We find that certain trees lying on assessee’s land were cut since the same were obstructing the hire tension wires of the Electricity Company. For the same, the assessee was compensated for Rs.10.14 Lacs during the year. We observe that the assessee was engaged in the business of manufacturing and trading of essential oil, plantations & extraction of essential oils. Therefore, the trees so cut by the assessee would form part of its trading operations since the assessee would be earning revenue by utilizing these trees. Had the trees not been cut, the assessee would have earned more revenue from the trees. Therefore, any compensation received in lieu of loss thereof would form part of assessee’s trading operations. The same is evident from the fact that cut trees sold by the assessee constituted its trading income and the same were accepted to be agricultural income. In our considered opinion, similar treatment was to be given to the compensation received for loss of trees. It would akin to a situation where the assessee lost its trading stock and received compensation for loss of the stock. The same would certainly be trading income for the assessee. Since, the income was earned from trees; the same would constitute agricultural income in the hands of the assessee. We order so.

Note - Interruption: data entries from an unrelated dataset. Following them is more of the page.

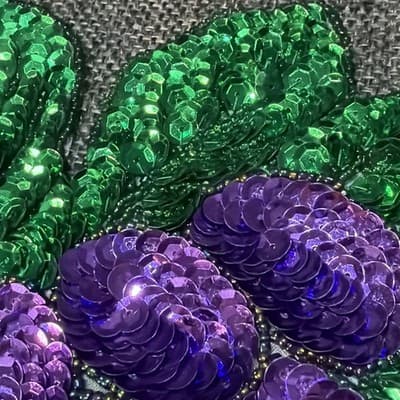 Vintage Large 13” Beaded Sequin Grapes Colorful Applique Sew On Purple Green - Thumbnail 6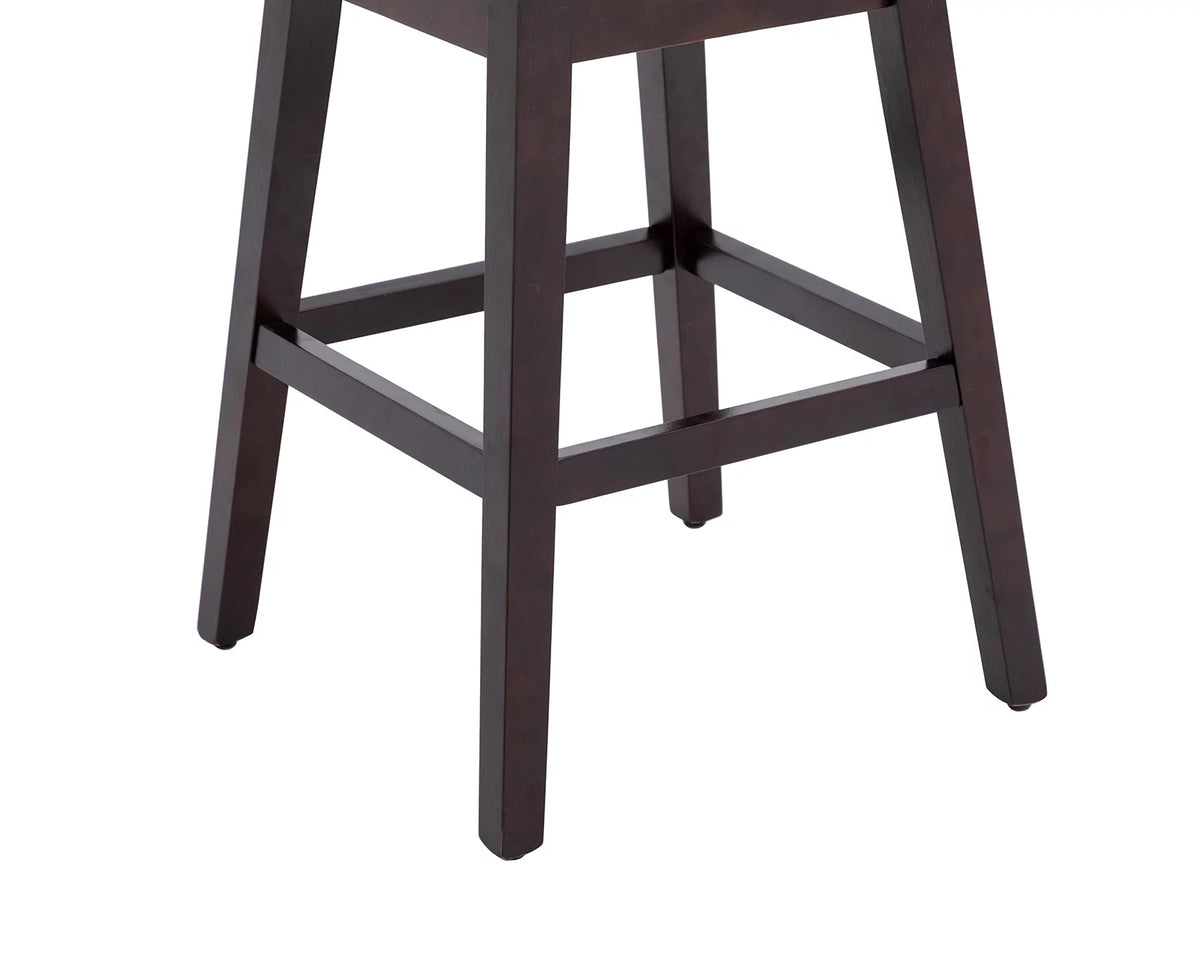 27.5 Inch Swivel Bar Stool Set of 2 White Faux Leather Q805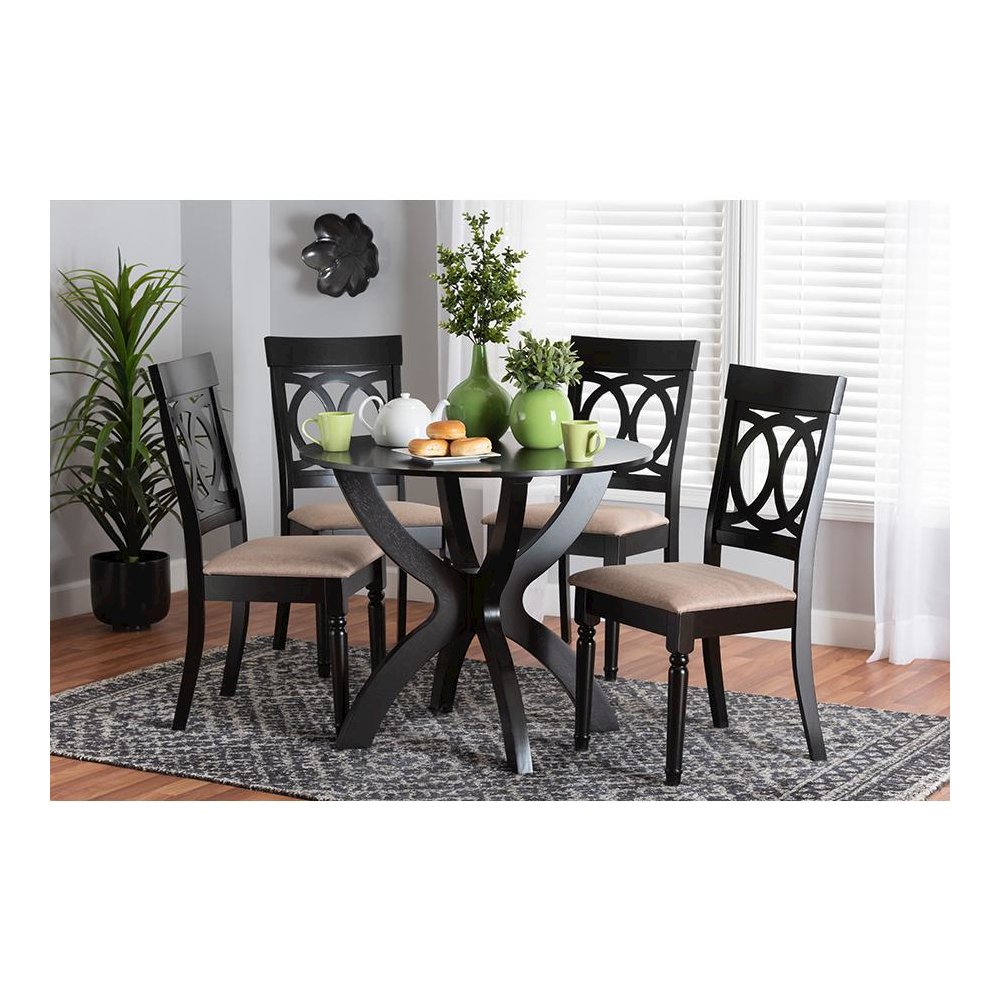 Velia Modern Sand Fabric and Dark Brown Finished Wood 5-Piece Dining Set. Picture 8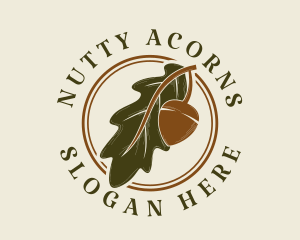 Nature Acorn Leaf logo design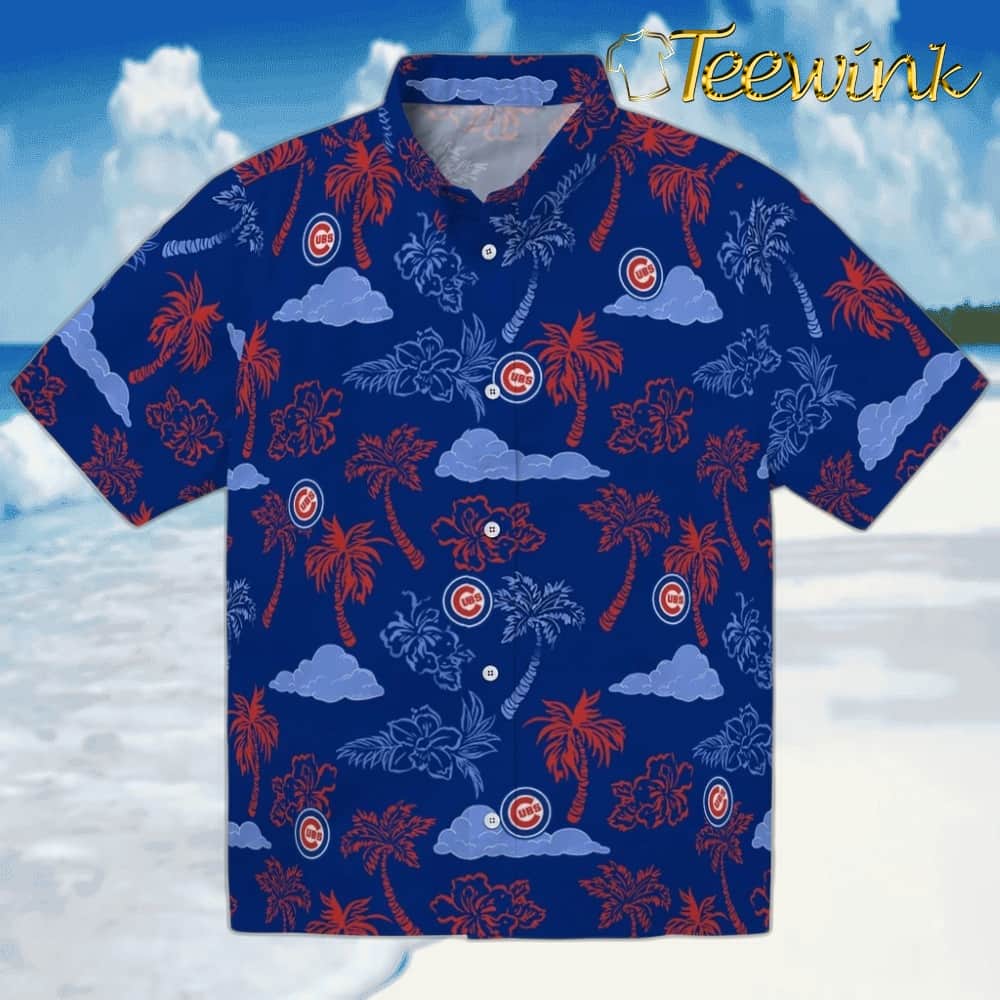 Chicago Cubs Hawaiian Shirt – Palm And Clouds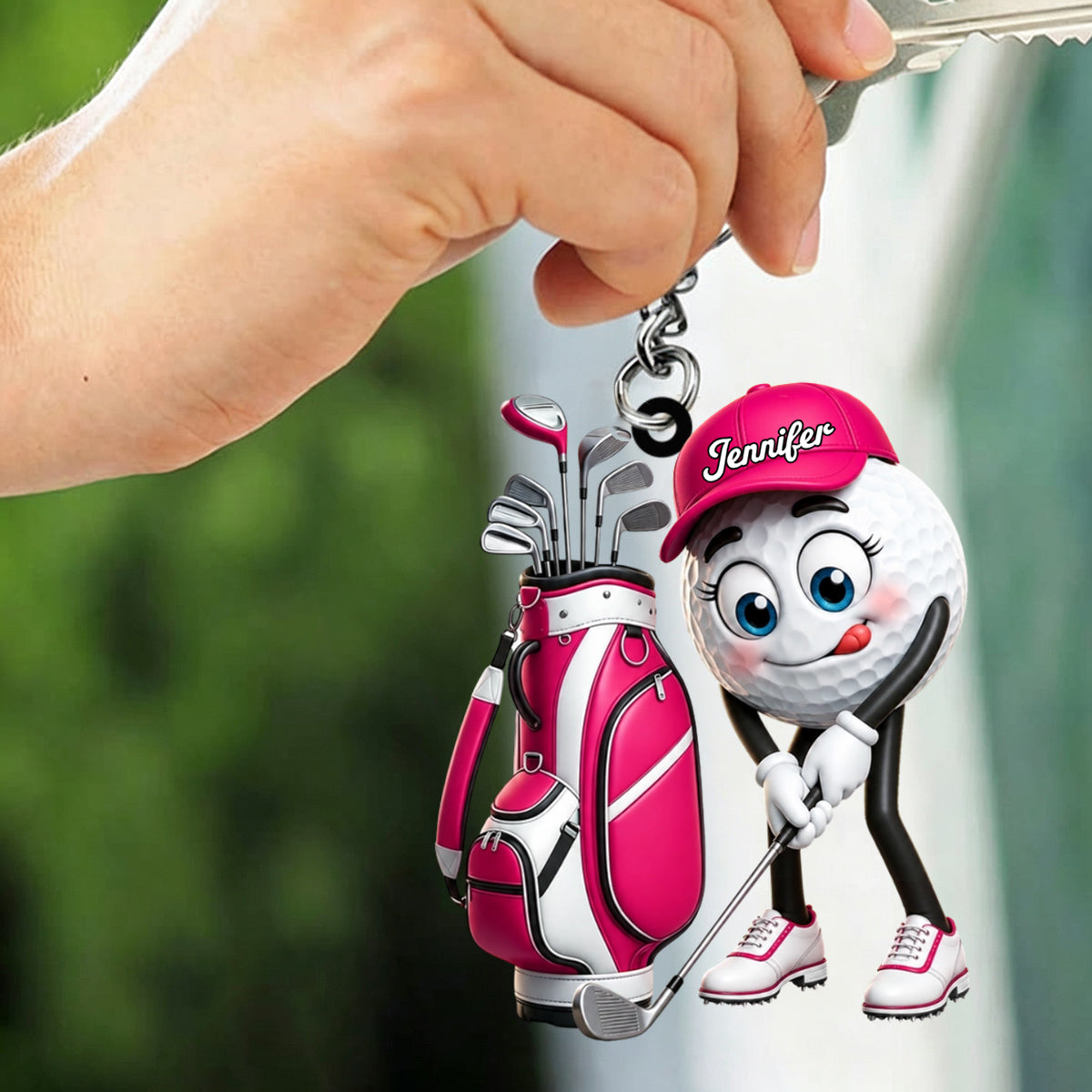 Pre‑swing Ready Stance Personalized Golf Ball Mascot Keychain Gift for Male & Female Golfer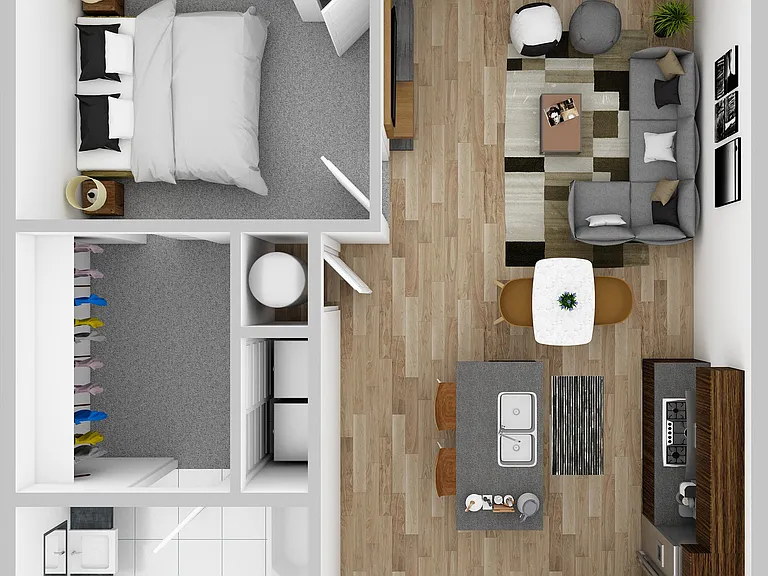 Floor Plan C- 1 Bed/1 Bath Floor Plan C- 1 Bed/1 Bath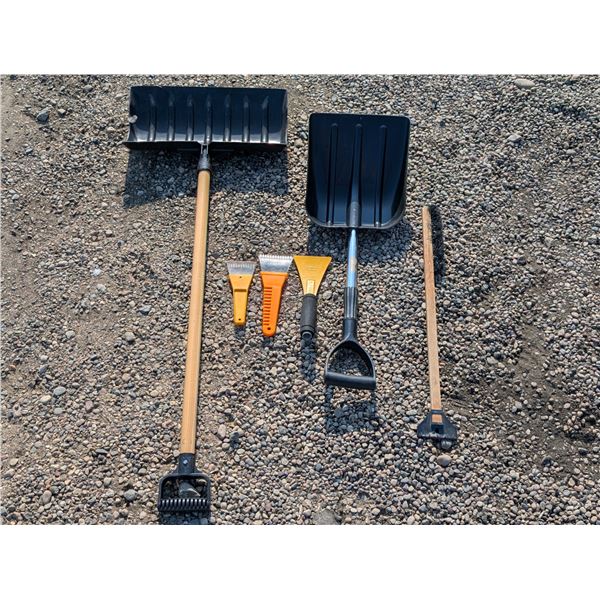 Lot of (2) Snow Shovels, Ice Scrapers, and Wooden Snow Brush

FULL TEXT OF THE ITAT JUDGEMENT

1. Aforesaid appeal by assessee for Assessment Year (AY) 2015-16 contest the order of Ld. Commissioner of Income Tax (Appeals)-8 Mumbai, [in short CIT(A)], Appeal No.CIT(A)-8/IT-187/2017-18 dated 22/04/2019 on following sole ground: –

1. On the facts and in the circumstances of the case, the Learned Commissioner of Income Tax (Appeal has erred in confirming addition of a sum of Rs.10,14,000/- as income from other sources. The Assessee prays that such an addition be deleted as the same being Agricultural income or a capital receipt .

2. We have carefully heard the rival submissions and perused relevant material on record including the impugned order and documents placed in the paper-book. The judicial precedents as cited during the course of hearing have been deliberated upon. Our adjudication to the subject matter of appeal would be as given in succeeding paragraphs.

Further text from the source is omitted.